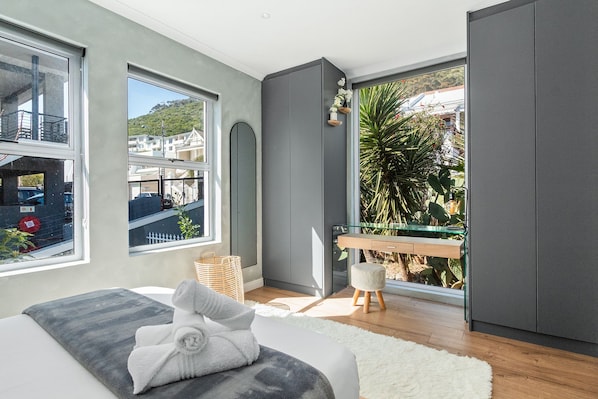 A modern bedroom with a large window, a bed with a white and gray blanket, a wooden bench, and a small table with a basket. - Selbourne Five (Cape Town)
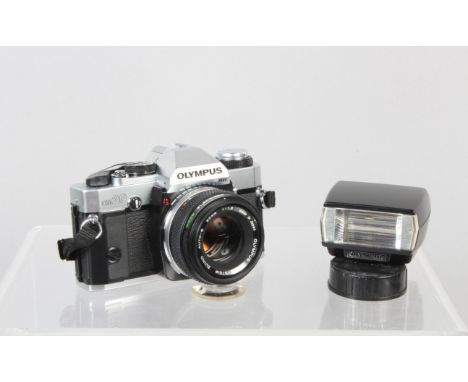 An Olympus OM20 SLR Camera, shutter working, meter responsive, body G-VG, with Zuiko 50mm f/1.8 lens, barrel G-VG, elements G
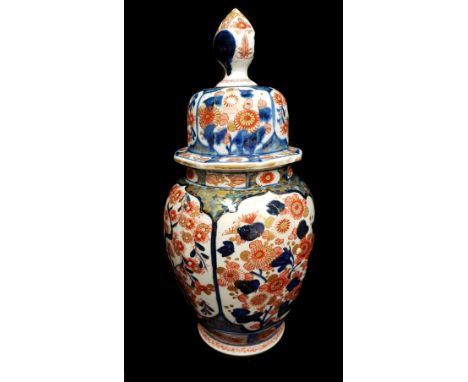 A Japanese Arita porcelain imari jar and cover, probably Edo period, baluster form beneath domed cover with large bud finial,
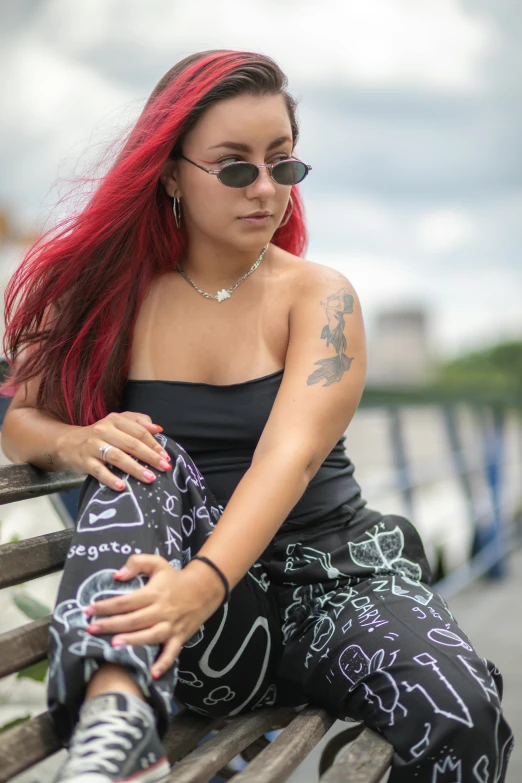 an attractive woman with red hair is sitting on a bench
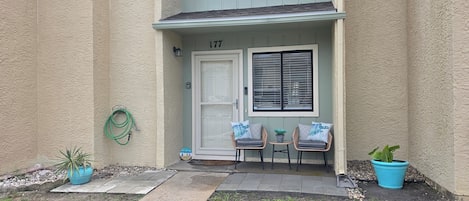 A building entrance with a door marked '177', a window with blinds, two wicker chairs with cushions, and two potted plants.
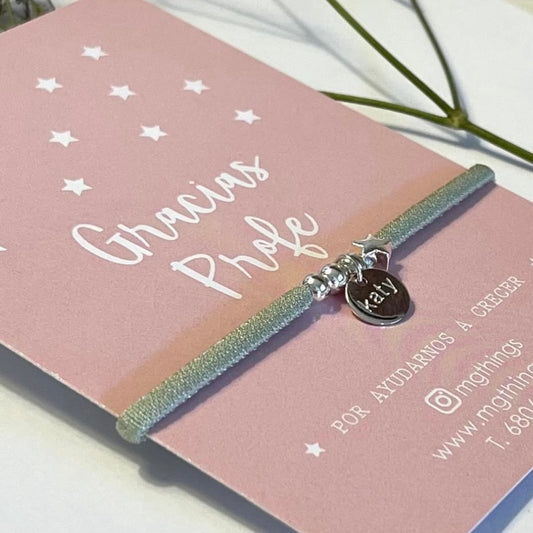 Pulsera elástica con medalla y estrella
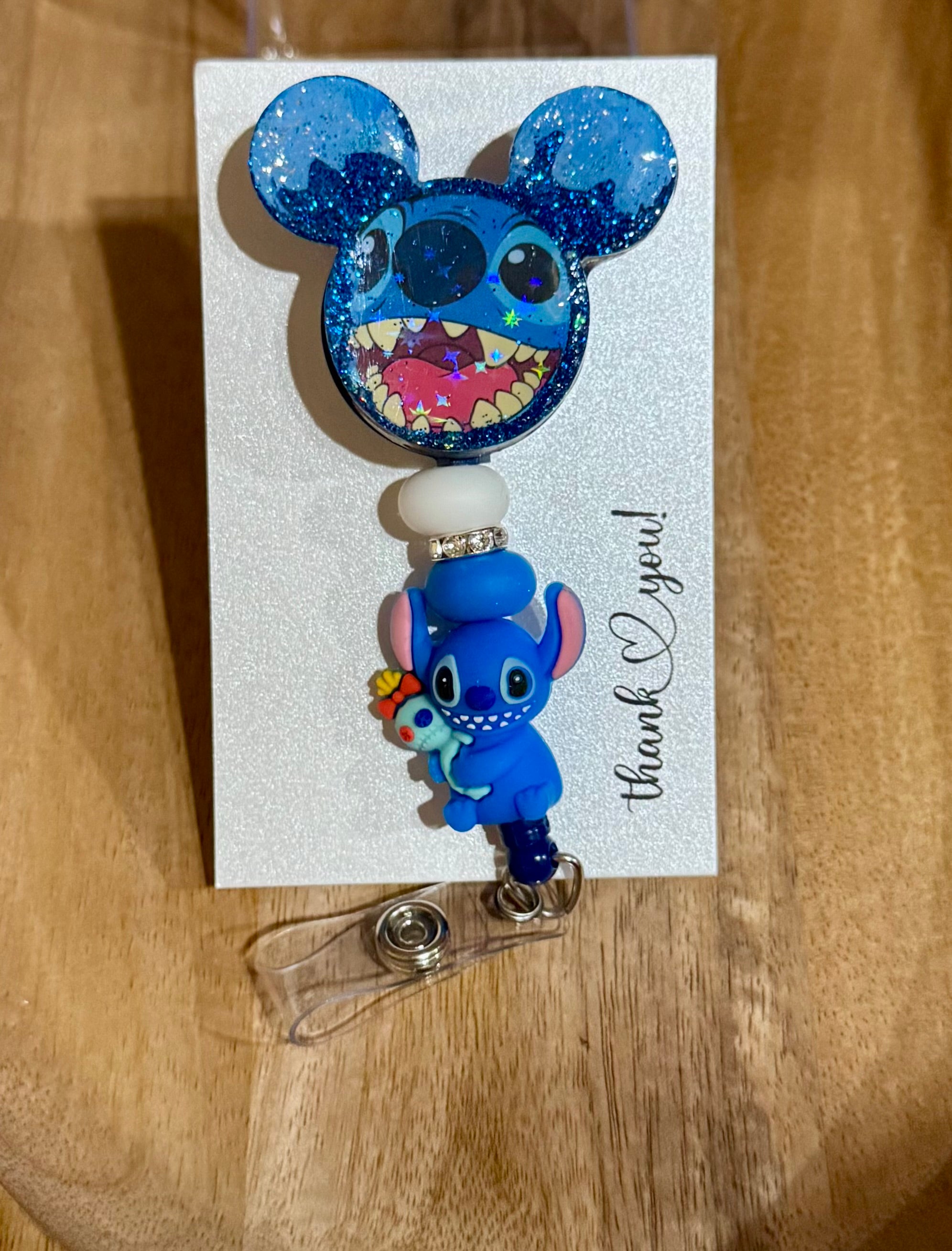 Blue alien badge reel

Directions for this task:
The lines to write out run from the one containing "Pulsera elástica con medalla y estrella" through the final line of the material above, both included; write them out exactly, with no pictures.

Solved problem:
 Pulsera elástica con medalla y estrella
 Blue alien badge reel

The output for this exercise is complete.